A few facts that aren't going away any time soon:
1. There are 1000 different e-wallet based solutions which are swiss cheese of compatibility with the few number of retailers that have even bothered to look into them (These have fees as well mind you, just possibly less than CC transactions)
2. There are many loyalty reward cards / apps that do what you want quite well but only for specific customer/retailer relationships
3. Easy solutions that are both ubiquitous/cheap/secure would basically require the entire industry to jump onto a single standard who's fee schedule is really low / non-profit and who's infrastructure services / equipment are interchangable
If its not easy, customers will just use Credit Cards or cash
If its not ubiquitous, you may as well just use a rewards/points card program
If its not cheap, retailers may was well use credit cards because at least its a system well understood and comfortable with
If its not secure, retailers are on the hook for fraud and it will likely not be ubiquitous because which retailer would want to carry large purchase liability
All in all, its a 'solution' that on a green field may work. The articles frankly a utopian paradise where the slightly cheaper solution would require the entire infrastructure of our retail commerce system to be ripped out and replaced overnight in order to be feasible.

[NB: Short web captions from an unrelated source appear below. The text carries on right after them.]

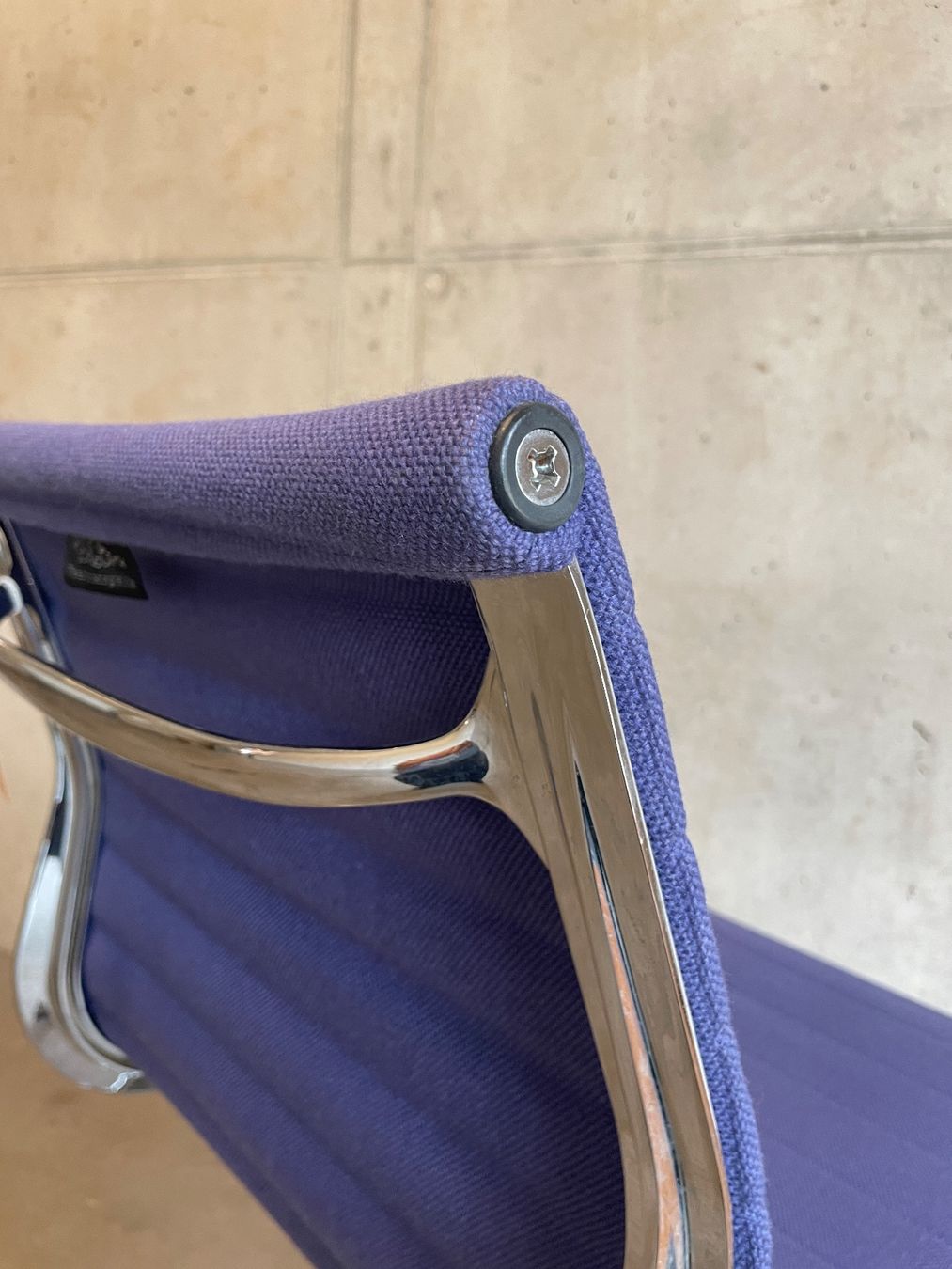 Sedie: Eames Aluchair  EA 105 blau – Usato da Zürich venduto da starch.studio 5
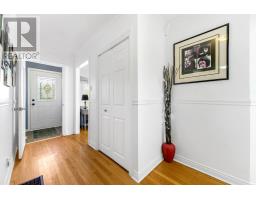 13 Symonds Avenue thumbnail 3
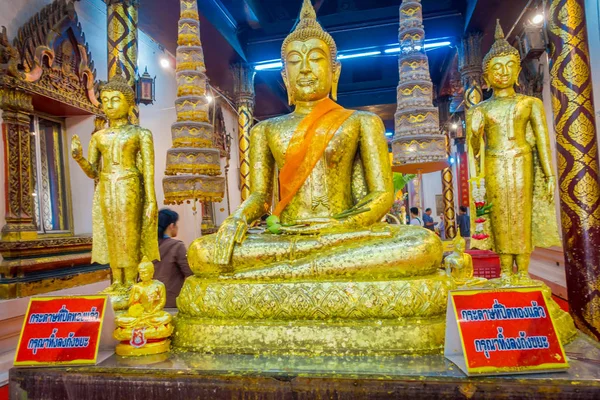 AYUTTHAYA, TAILANDIA, 08 DE FEBRERO DE 2018: Vista interior de la estatua de buda dorada cubierta con un tejido amarillo, ubicada dentro de un templo en el Parque Histórico Ayutthaya — Foto de Stock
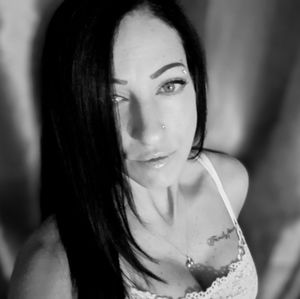 Meet your Posher, Marie-christine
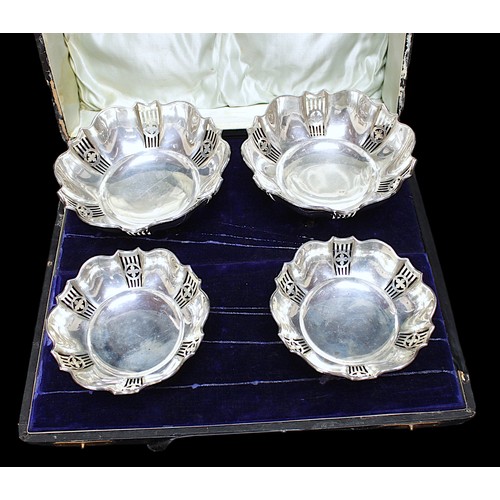 183 - A cased set of four George V pierced silver dishes, Walker & Hall, Sheffield, 1925, two small and tw...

Lastly, by far the most important facet of any of these schemes is TRUST. If you don't have consumer trust in your transaction products, you won't have consumer buy-in. Loyalty cards have the maximum loss of whatever you've refilled them. CC/Bank cards generally have historically adequite means of limiting liability of holders (at the expense of retailers). What does this new system have to verify that my cash is safe with them?